Thursday, March 03, 2016

Os meus vizinhos têm caras feias

Bosch


Os meus vizinhos têm caras feias. Não cumprimentam, não cedem passagem, grunhem coisa e outra no elevador. Tudo isso porque deixo alguns brinquedos do Dante no play, quais sejam: uma bicicleta de rodinhas, um pneu velho, uma corda e uma bola grande, dessas de Pilates. Dante e eu nunca os deixamos espalhados pelo play, pelo contrário: ao fim da tarde, ter que guardá-los um a um num certo cantinho é já um pequeno ritual tão importante para aqueles com dificuldades de se organizar. Um dos frutos já veio: em conversa com a professora da sua ex-escola, esta me diz que Dante por vezes era a única criança que ajudava a arrumar as cadeiras depois das atividades.

Voltando aos vizinhos: têm caras feias, muito feias, e isso por causa dos brinquedos deixados num cantinho do play. Aqui esclareço: não os deixo lá por comodidade ou preguiça, mas sim porque me seria bastante difícil ter que descer e subir sozinho com a bicicleta e o Dante (às vezes batendo a cabeça nas paredes) todos os dias pelo elevador. Com o pneu e a bola, então, impossível. Deixá-lo lá embaixo e subir para pegar os demais objetos, criminoso.

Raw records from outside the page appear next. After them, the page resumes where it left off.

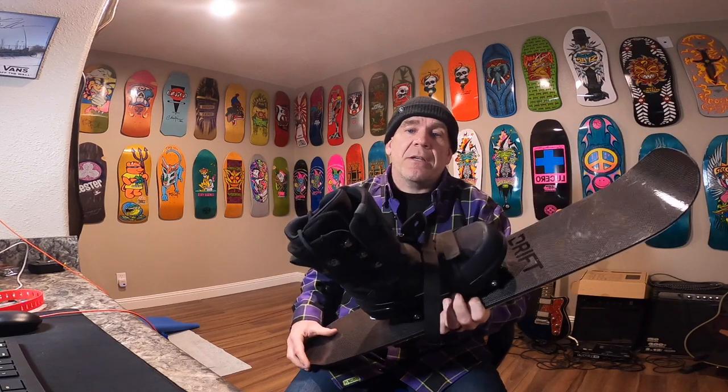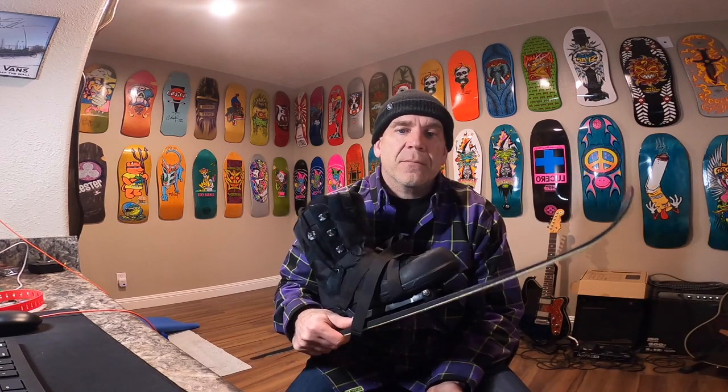Driftboards have been an absolute game changer. They've allowed me to take whatever board I'd like to ride in the backcountry. If you're like me and have multiple boards, whether it's early season or late season, maybe you want to take your rock board — you can climb with these. I've also gotten into pow surfing, and post-holing and breaking trail to reach deep powder on your pow surf can be absolutely exhausting. Driftboards really open a lot of doors and allow me to ride whatever board I want.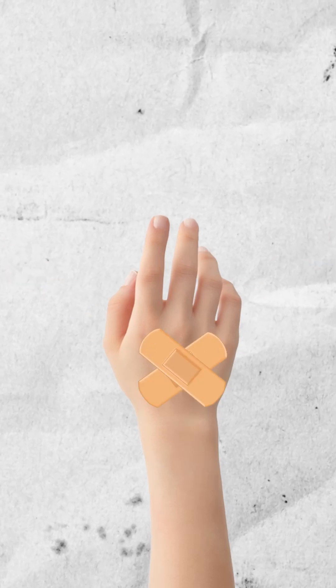We have all worn bandages once, right? But something you might not know: if you take your bandage wrapper and let your eyes settle in the dark for a while, and rip.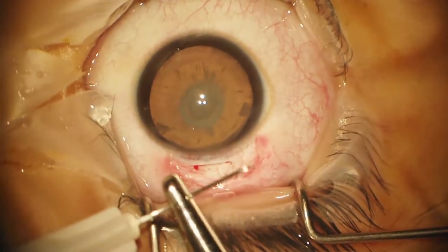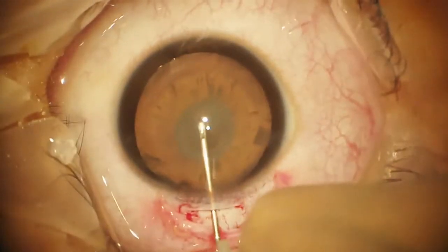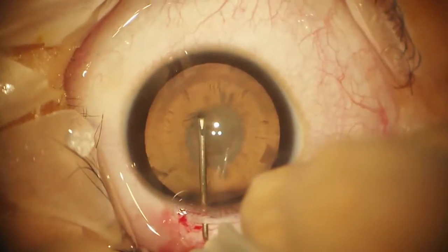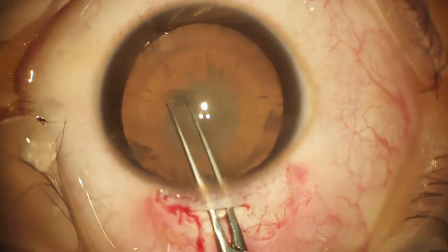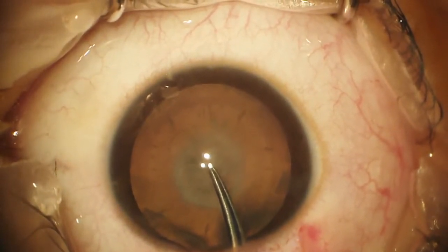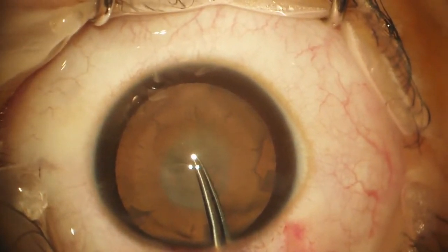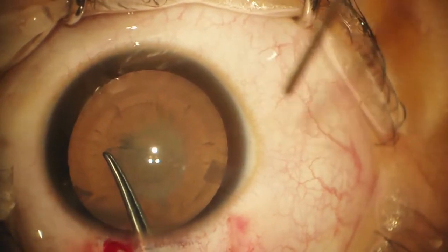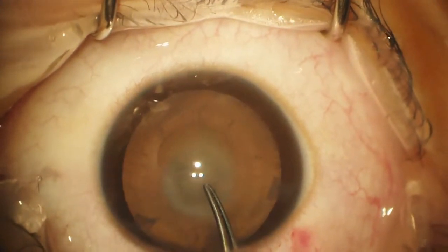I'll just get the capsulorhexis started. Remember, being a child, this will have a very elastic capsule. We'll start toward the middle and then switch to the capsulorhexis forceps. We're going to try and make the capsulorhexis relatively small. No hydrodissection — we don't want to hydrodissect because if there is an opening in the capsule, we can blow right through it by hydrodissecting.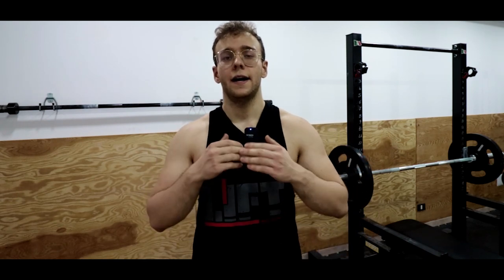Ragazzi, commentate qui sotto se vi piace questa nuova idea e ci vediamo nel prossimo video. Ciao!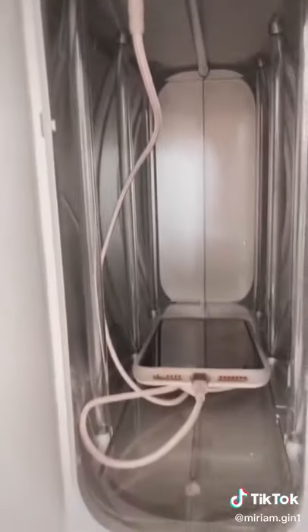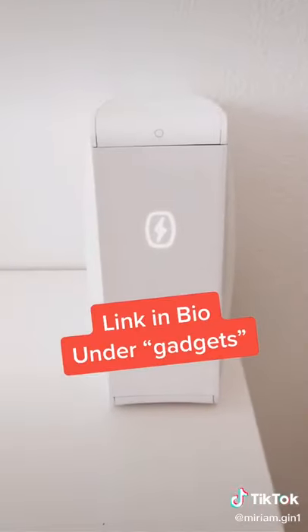There are two USB charging ports to charge your devices while sanitizing. Link in bio under gadgets, and tell me in the comments what in your home needs to be sanitized.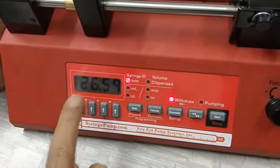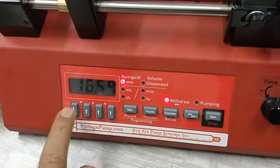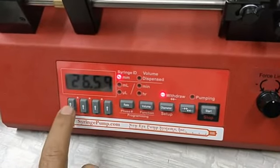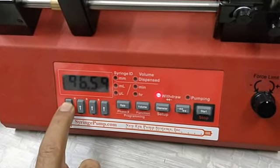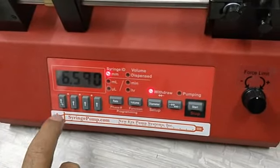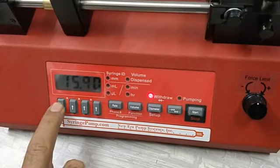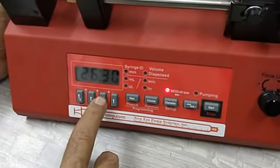Each arrow key corresponds to one digit. By pressing the arrow you can cycle through digits 0 to 9. You can also keep a key pressed continuously and the cursor arrow will move to the desired position — release the key at the position you want. So I am setting the diameter to 26.59.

Por isso deixo os objetos no play, deixamos. Num cantinho. E os vizinhos fazem caras feias. Já me ameaçaram inúmeras vezes com "sanções pecuniárias" por meio da administradora do condomínio.Chegaram a instar o zelador a retirar os objetos e deixá-los à minha porta. (O Fernando, sempre carinhoso com o Dante, descumpriu a ordem.) Houve dia em que encontrei o velocípede (que havia antes da bike) quebrado. Ambos os procedimentos parecem-me dignos das melhores técnicas de gas-lighting empregadas pelas ditaduras comunistas na segunda metade do século XX. Quem leu Herta Müller, que certa feita deparou-se com um dedo, um dedo humano, em sua bolsa, entenderá.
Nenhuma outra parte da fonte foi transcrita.